University Park began as a cluster of homes surrounding the fledgling Southern Methodist University, which was founded in the then-rural Dallas County in 1915. The university supplied these homes with utility service until 1924, when the growing population could no longer be supported by the school's utilities. In response, the area's homeowners first sought annexation into the town of Highland Park, but were refused due to the high cost that would have been required to provide the necessary utility and safety services. Shortly thereafter, Dallas also refused a request for annexation on similar grounds.

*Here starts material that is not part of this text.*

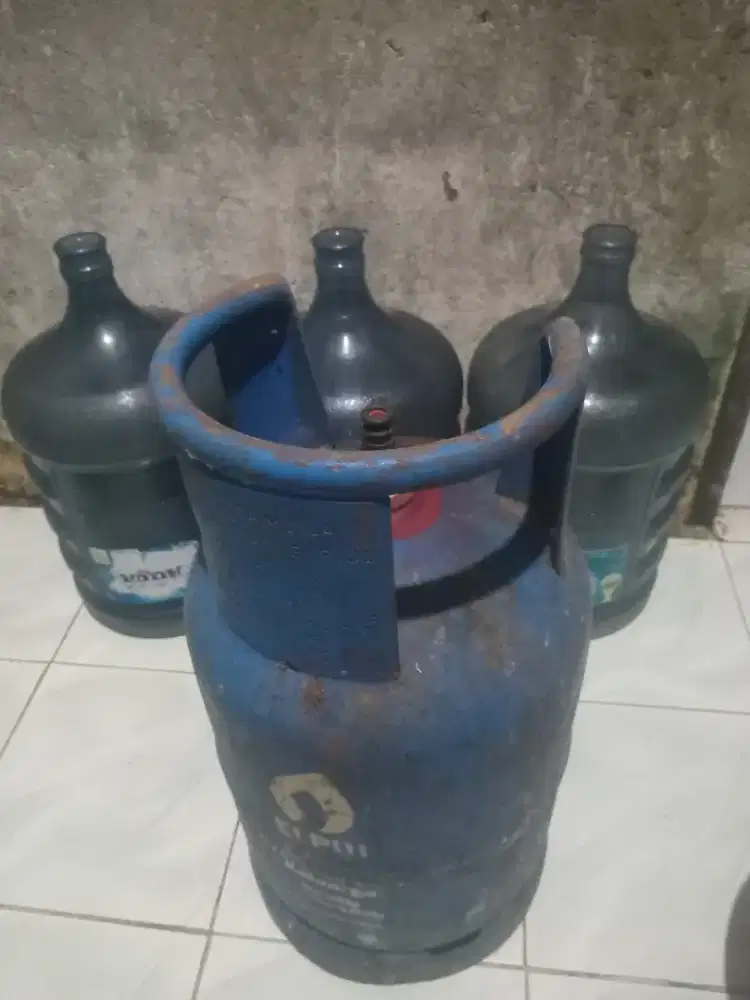 Tabung gas 12kg & galon aqua 3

Community leaders organized to incorporate as a separate individual city. According to state law, incorporation required that area residents hold an election on the issue before the new city could be officially formed and recognized. On April 24, 1924, voters approved the measure by a 5:1 margin. Operating under the commission form of government, the city began the work of shaping the new government and addressing the pressing need to establish basic municipal services. To provide for the financial needs of the city, another election was held soon thereafter to authorize the issuance of municipal bonds. Passing by a near unanimous margin, the $150,000 bond issue funded the installation of a new water supply system, street paving, and the construction of a new city hall and fire station. When first incorporated, the city encompassed 515 acre, 380 homes, and 1200 residents.

As a result of efforts to build and improve the city, University Park grew to a population of over 20,000 residents by 1945 and had become one of the most prestigious locations in the area. In fact, the community's attractiveness and tax value had risen to such an extent that the city of Dallas now wanted to annex University Park into its boundaries. At the time of the election, even the Board of Commissioners favored the annexation. In the largest voter turnout to that date and still one of the largest in city history, the annexation was denied by a 53% to 47% margin.

In 1946 an election to adopt a Home Rule Charter was held, but the measure failed and the city continued to operate as a General Law city. In 1989, voters approved a Home Rule Charter which officially adopted a council-manager form of government and expanded the three member board of Commissioners into a five-member city council.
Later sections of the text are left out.